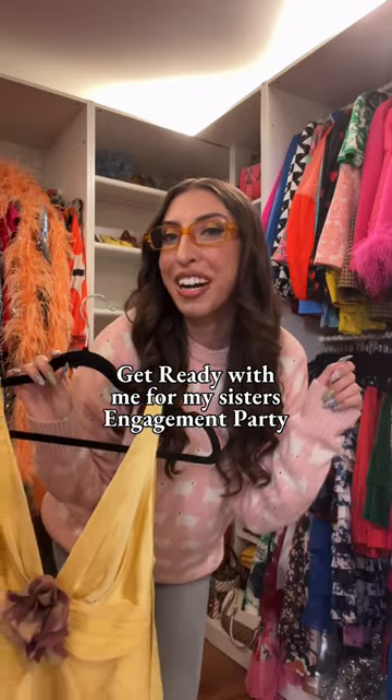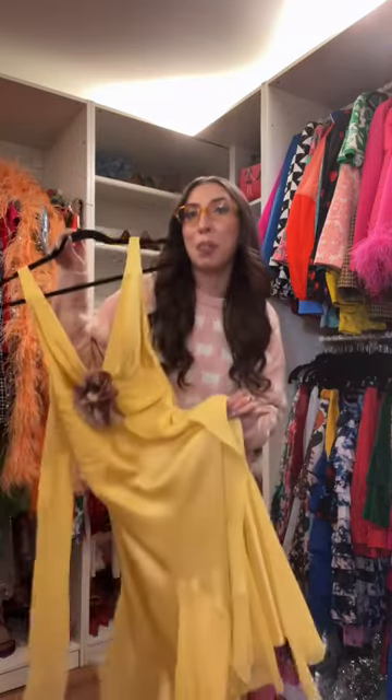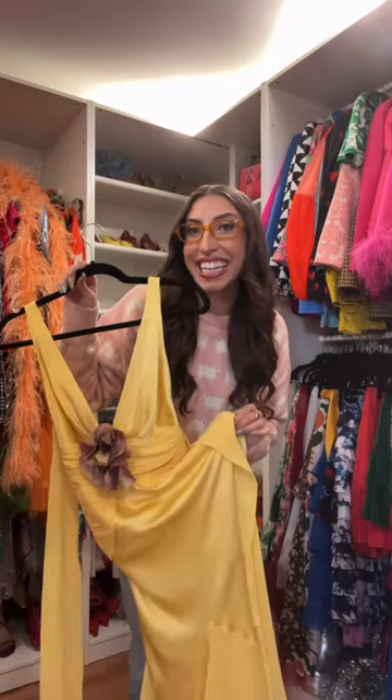Get ready with me for my sister's engagement party. I just got this vintage dress that reminds me of How to Lose a Guy in 10 Days, so I'm gonna wear this. This is the dress on, and look at the back.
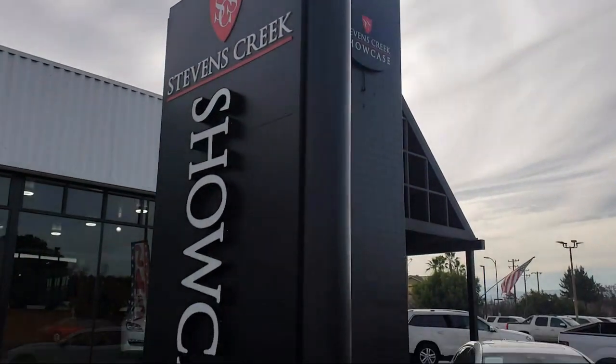Welcome to Stevens Creek Showcase, the area's premier destination for quality pre-owned vehicles.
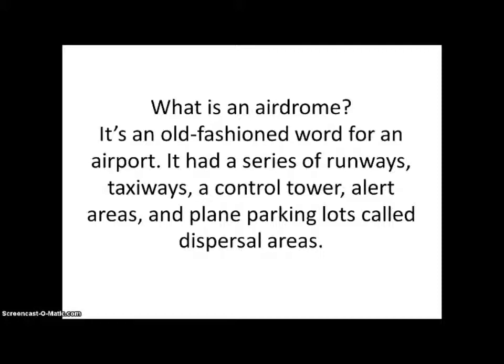What is an airdrome? It's an old-fashioned word for an airport. It had a series of runways, taxiways, a control tower, alert areas, and plain parking lots called dispersal areas.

+++++

Problem >> Your copy should begin at the line containing "Welcome to Stevens" and end at the last line of the data above, matching each line exactly and holding no pictures.

Exercise solution >>
Welcome to Stevens Creek Showcase, the area's premier destination for quality pre-owned vehicles.
What is an airdrome? It's an old-fashioned word for an airport. It had a series of runways, taxiways, a control tower, alert areas, and plain parking lots called dispersal areas.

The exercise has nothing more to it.